BEGIN Data excerpts

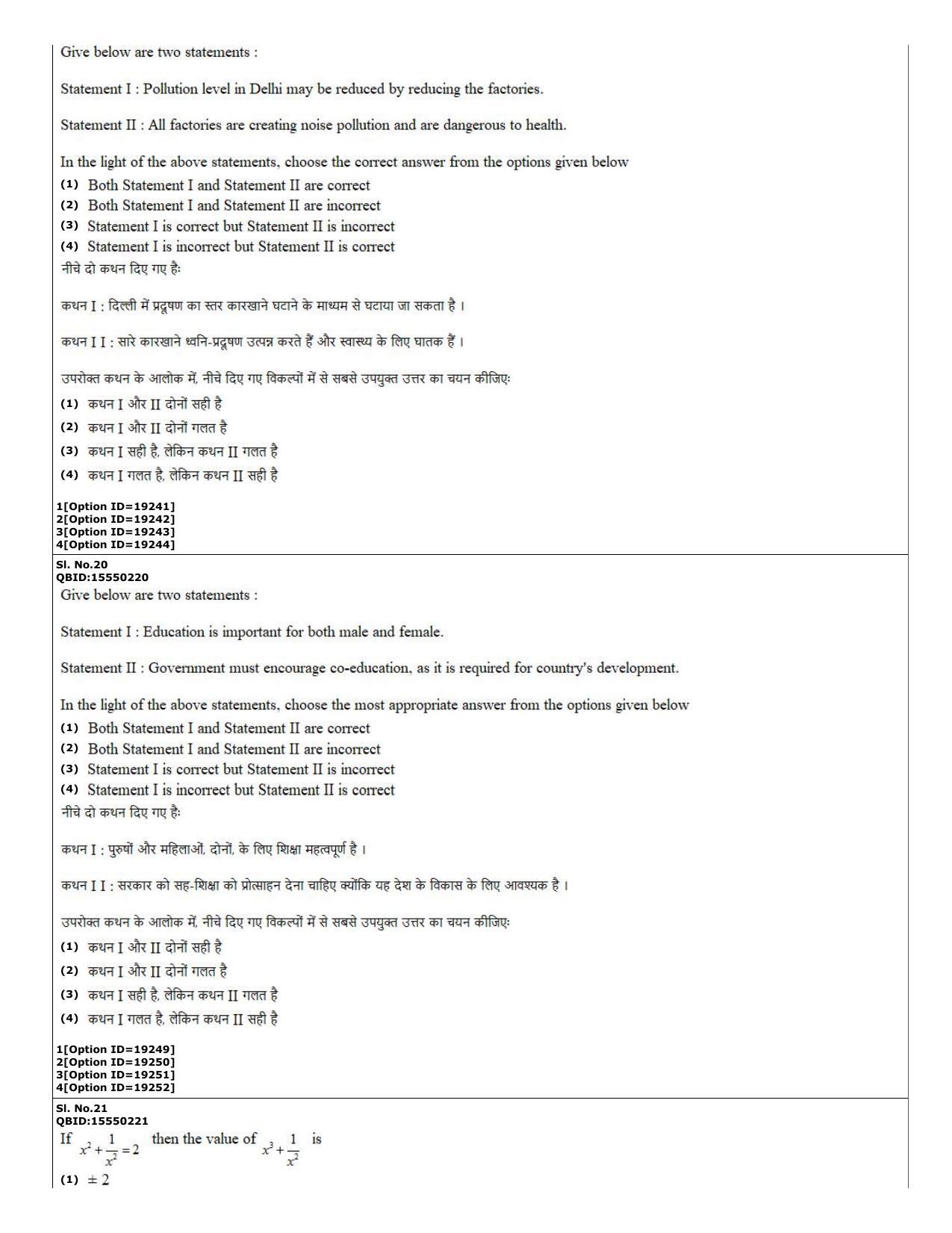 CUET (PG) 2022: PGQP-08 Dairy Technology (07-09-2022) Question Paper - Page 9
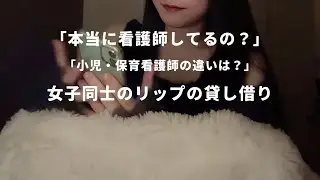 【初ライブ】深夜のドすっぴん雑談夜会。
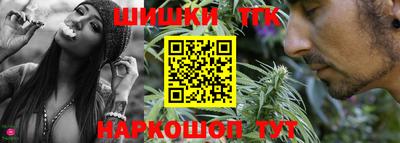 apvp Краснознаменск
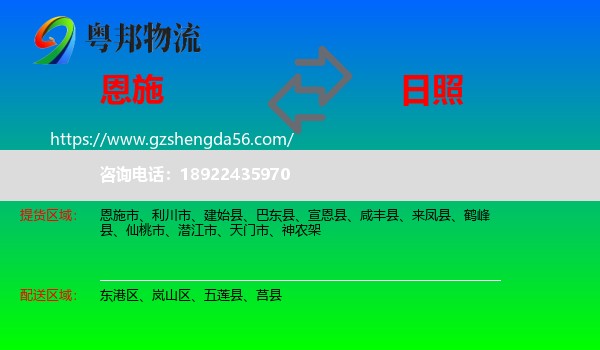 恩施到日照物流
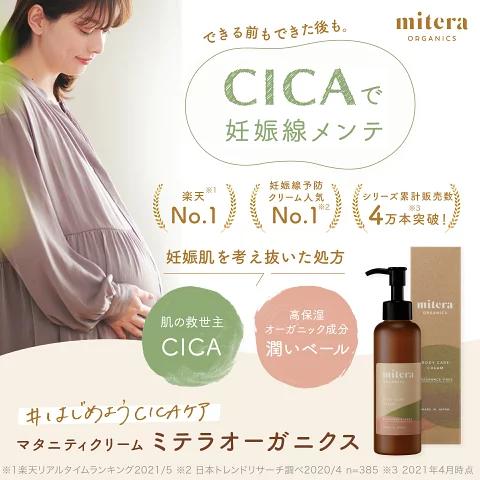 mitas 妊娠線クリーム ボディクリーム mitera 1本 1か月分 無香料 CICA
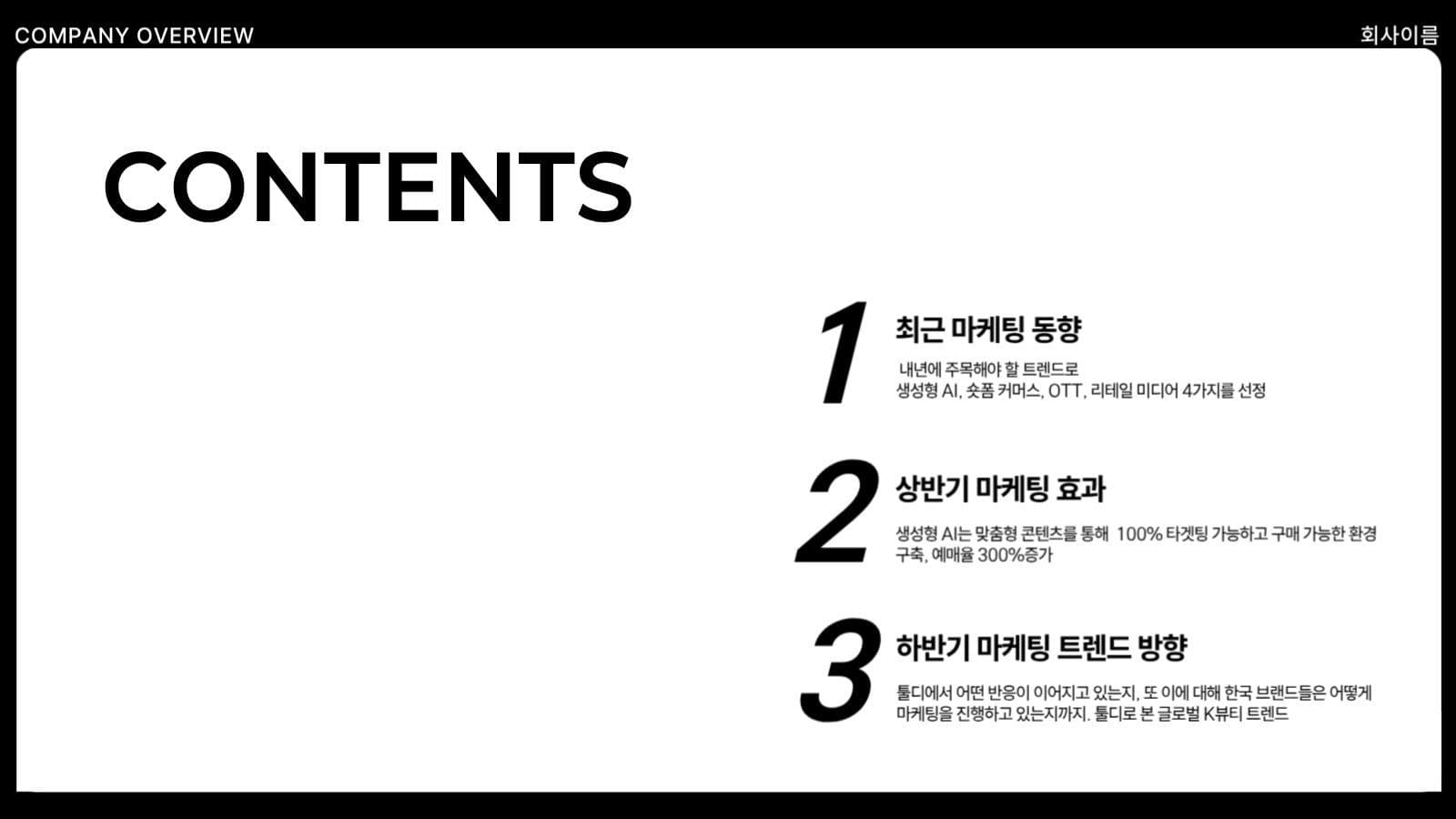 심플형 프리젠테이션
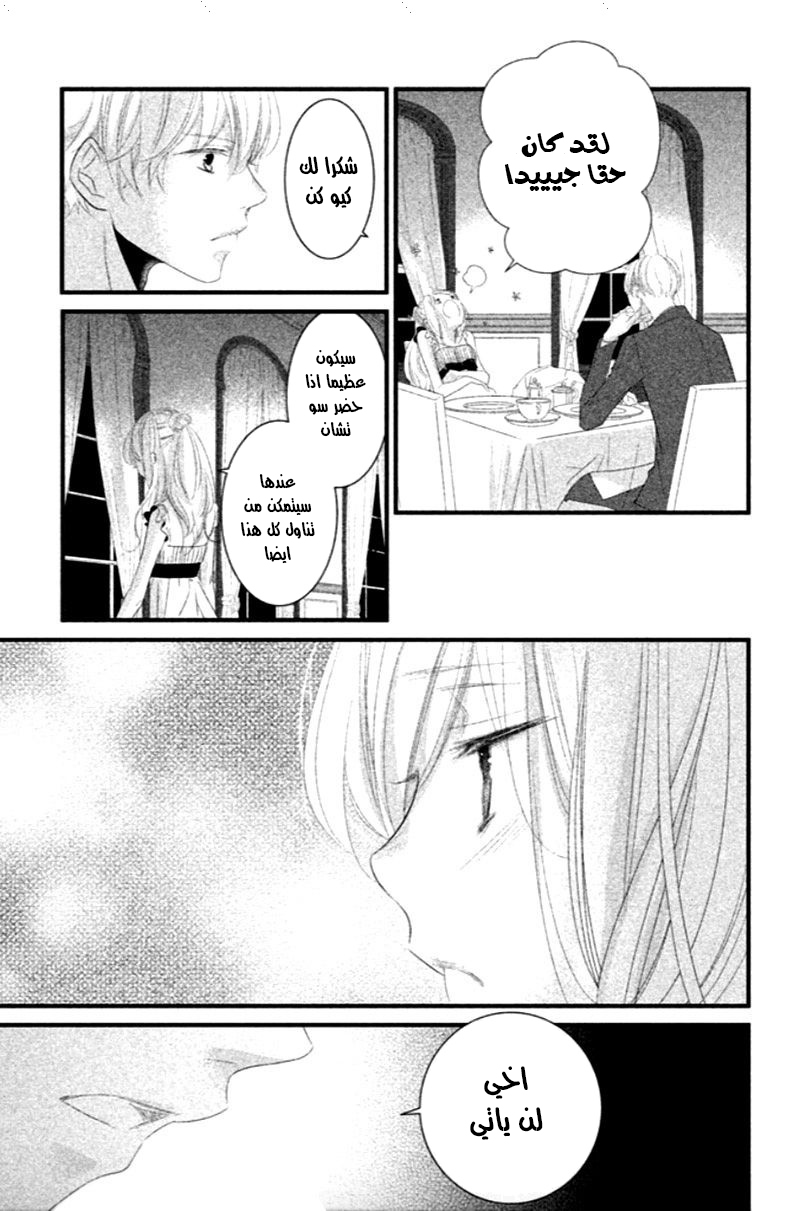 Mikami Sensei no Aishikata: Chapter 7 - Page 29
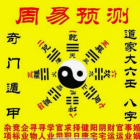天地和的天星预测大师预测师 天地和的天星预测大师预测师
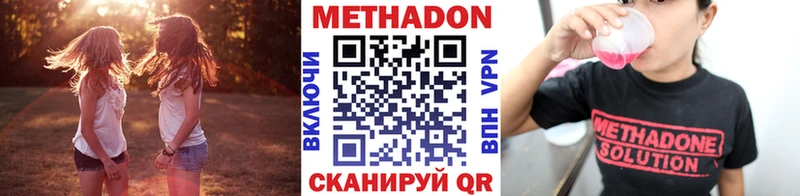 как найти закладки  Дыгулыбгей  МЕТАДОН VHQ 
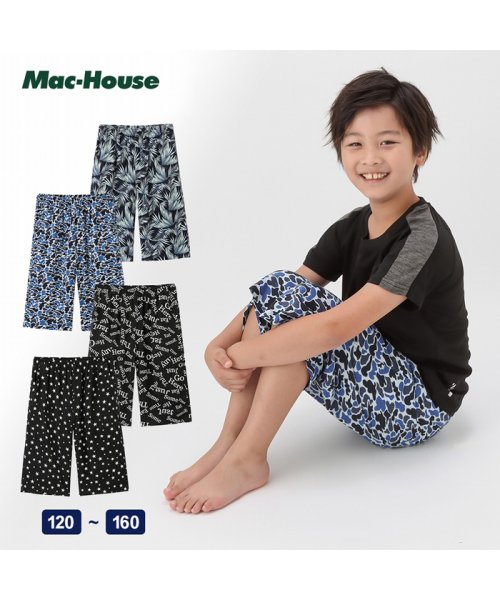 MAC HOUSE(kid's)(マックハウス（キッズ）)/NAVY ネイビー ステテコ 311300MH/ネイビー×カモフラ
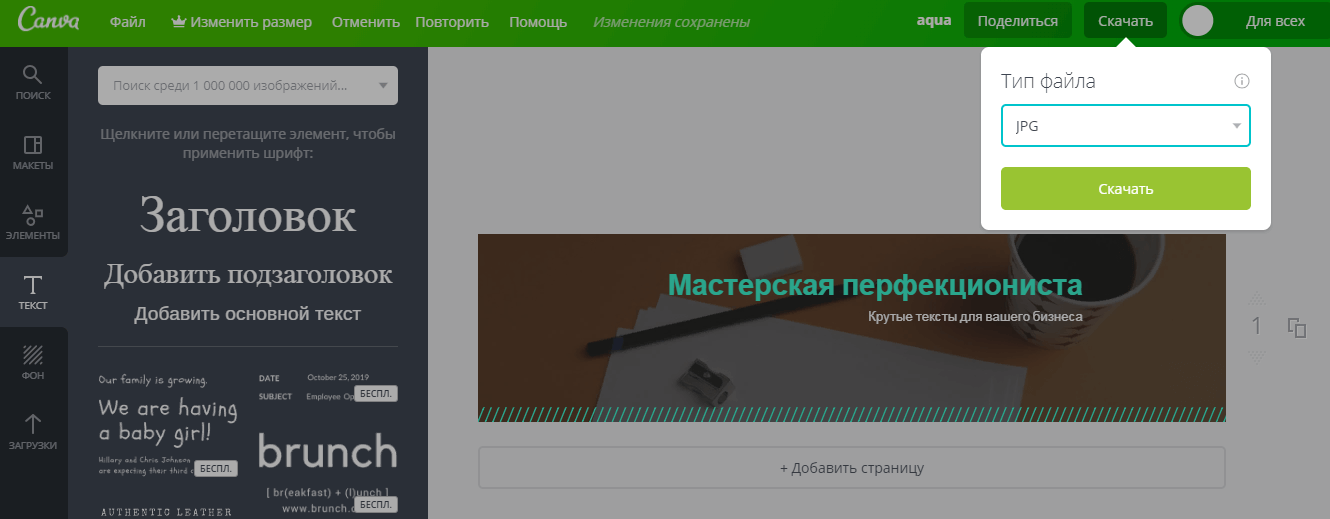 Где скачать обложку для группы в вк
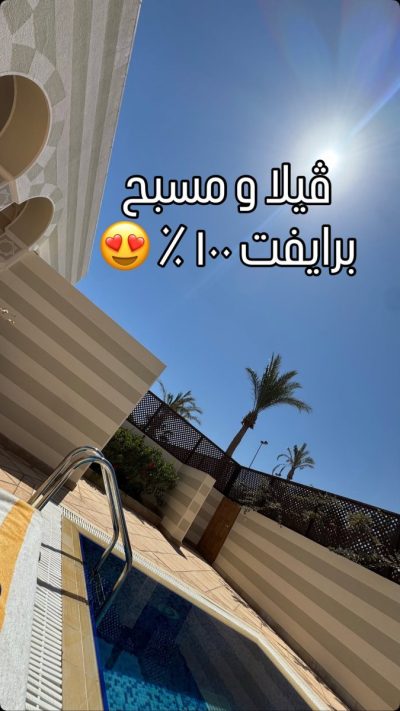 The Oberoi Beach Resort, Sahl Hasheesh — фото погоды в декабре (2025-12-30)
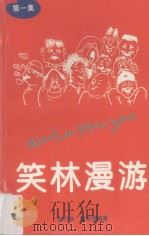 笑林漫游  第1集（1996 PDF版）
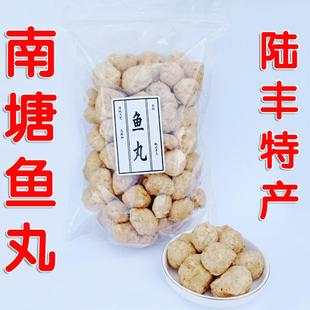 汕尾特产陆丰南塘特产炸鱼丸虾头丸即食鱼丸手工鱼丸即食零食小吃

END Data excerpts

_Requirement_
Output the records above character for character, but leave each image out.

_Answer space_
 CUET (PG) 2022: PGQP-08 Dairy Technology (07-09-2022) Question Paper - Page 9
 【初ライブ】深夜のドすっぴん雑談夜会。
 apvp Краснознаменск
 恩施到日照物流
 mitas 妊娠線クリーム ボディクリーム mitera 1本 1か月分 無香料 CICA
 심플형 프리젠테이션
 Mikami Sensei no Aishikata: Chapter 7 - Page 29
天地和的天星预测大师预测师 天地和的天星预测大师预测师
 как найти закладки  Дыгулыбгей  МЕТАДОН VHQ 
 MAC HOUSE(kid's)(マックハウス（キッズ）)/NAVY ネイビー ステテコ 311300MH/ネイビー×カモフラ
 Где скачать обложку для группы в вк
 The Oberoi Beach Resort, Sahl Hasheesh — фото погоды в декабре (2025-12-30)
 笑林漫游  第1集（1996 PDF版）
 汕尾特产陆丰南塘特产炸鱼丸虾头丸即食鱼丸手工鱼丸即食零食小吃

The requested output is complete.